GOYER: Ep Five, Season 1 is pretty great. That was the most daring one. That was the one in which Leonardo was put on trial for sodomy. That was a very controversial episode when we were making it, we’re proud that we did it. That was pretty cool.
AX: Do you have a favorite character within the show?
GOYER: Auggh. Well, I adore Tom – we’ve become good friends. I’m very partial to Zoroaster, played by Gregg Chillin. He’s great fun to write for and just a great human being. I will always have a soft spot in my heart for Al-Rahim, the Turk, who is played by Alexander Siddig. I adore him in real life. And Paul Rhys, who played Vlad Dracula, was just a great hoot in the first season.
AX: Was there anything that just turned out completely different than the way you’d imagined?
GOYER: Well, sometimes there are characters that take off.
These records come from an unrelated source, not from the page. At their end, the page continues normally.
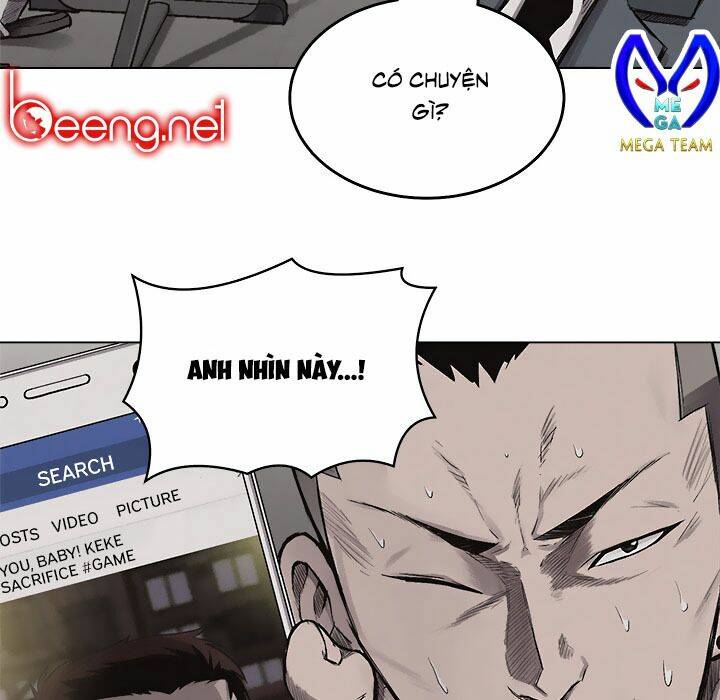 Nắm Đấm Chapter 5 - Trang 2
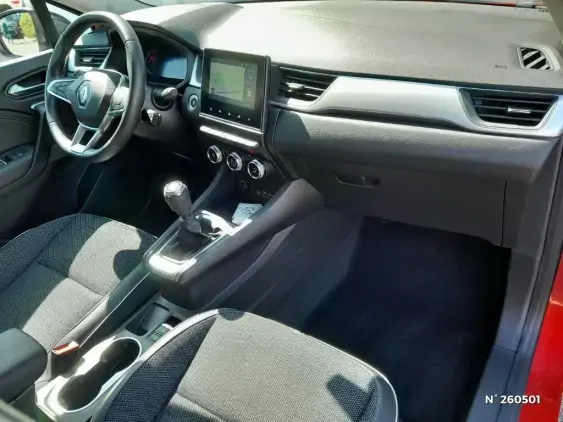 RENAULT CAPTUR II - voiture d'occasion - Photo 10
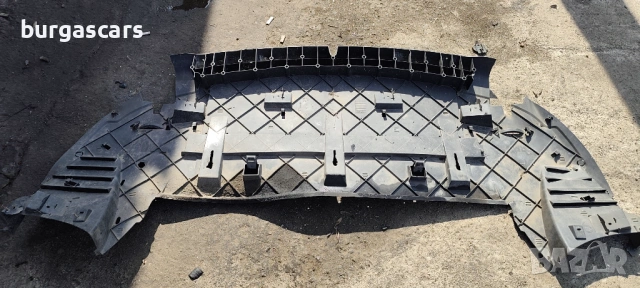 Кора под двигателя Citroen  C4 Grand  Picasso 1.6HDI-109к.с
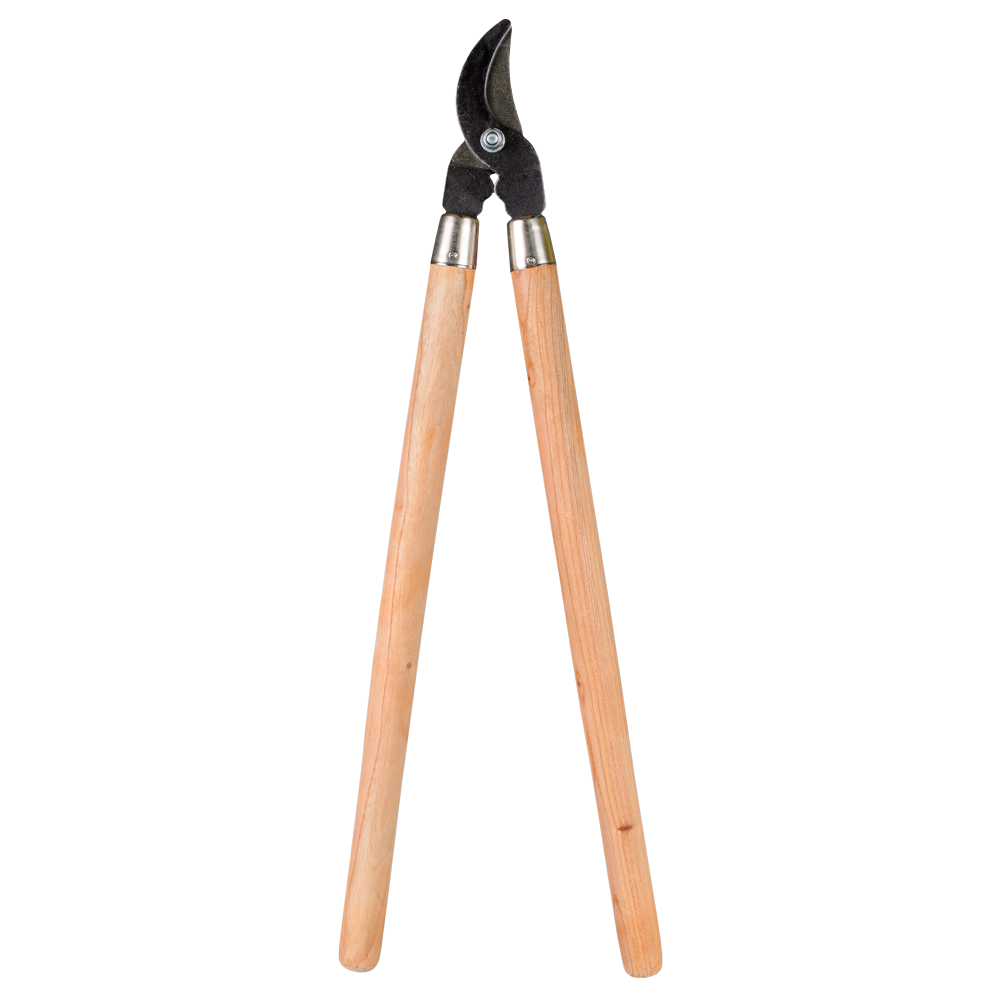 Oferte la Foarfeca pentru crengi Sparta, manere lemn , 710 mm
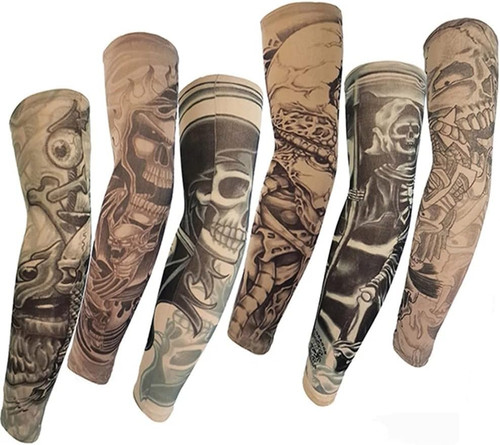 Maniche tatuaggio pezzi - 6,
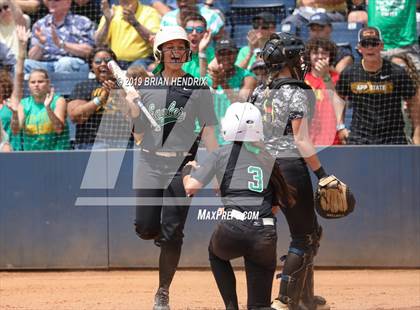 Thumbnail 3 in Eastern Alamance vs. Central Cabarrus (NCHSAA 3A Final Game 1) photogallery.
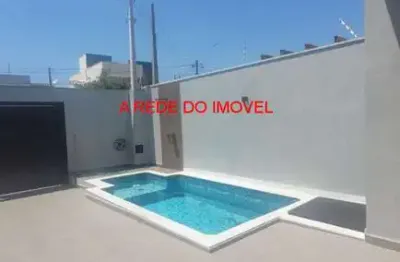 Casa com 3 quartos à venda na rua professor rosanio braga, 42, jardim terramérica i, americana por r$ 190.000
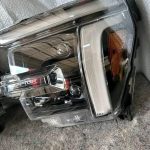 2024-2025 ford raptor oem headlights in good condition - Image 4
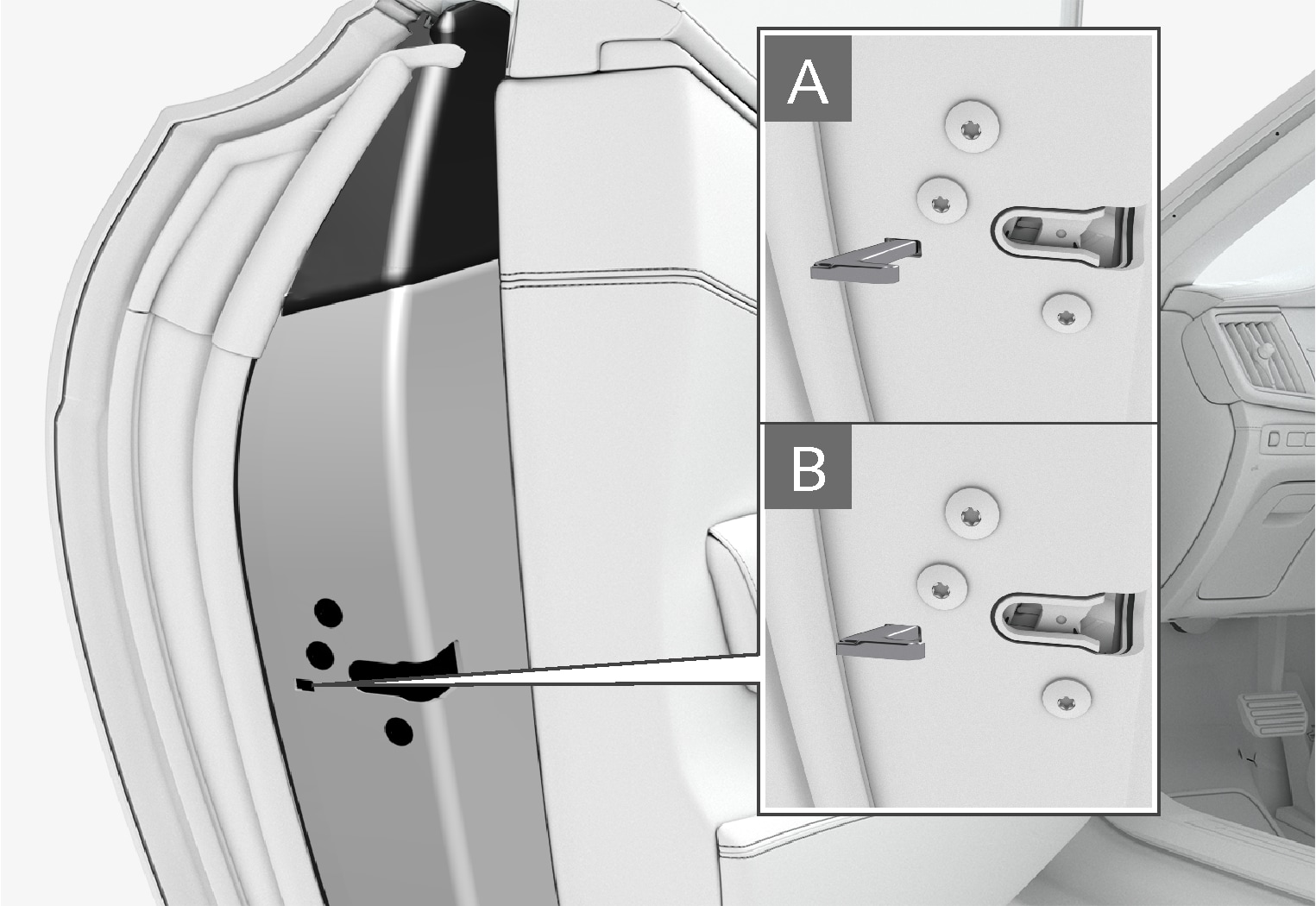 PS-1926-Manual locking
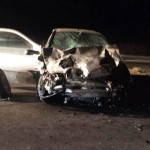 Il gravissimo incidente di stanotte: cosa resta dell'auto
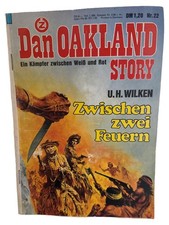 Dan Oakland Story 22 U.H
There is a character named Lupo Mercuri [played by Nick Dunning], who was not meant to be a recurring character, who was actually meant to die. In fact, we filmed his death scene in Episode Six of Season 1. And by that point, we’d seen the cut of Episode Three and the actor was so wonderful in that that we un-killed him. We filmed a new scene in which he didn’t die, and then he came back in Season 2, and we were supposed to kill him in Season 2, and then he came back in Season 3. It’s fun when that happens.
AX: Through much of DA VINCI’S DEMONS, Da Vinci is wrestling with his own artistic ego. Is any of that reflected in your thoughts about your own work, or did you learn anything about how you look at your own work through the process of doing this?
GOYER: It’s something that I certainly identify with. Any inventor or any creator has to wrestle with, when you’re creating, you’re essentially working with yourself or maybe one collaborator, and it’s something completely internal, and then when it gets made, whether it’s a film or a TV show, an invention, it’s not just yours any more. It’s released into the world and other people take possession of it, and other people interpret it in different ways, and sometimes they interpret it in a way that you intended it to be interpreted, and sometimes they interpret it in a different way. And so there’s always going to be a tension between pure acts of creation, and the act of giving it to the greater world.
AX: Has doing DA VINCI’S DEMONS changed your view of anything in the real world, either how art is created, or why wars are waged, or …?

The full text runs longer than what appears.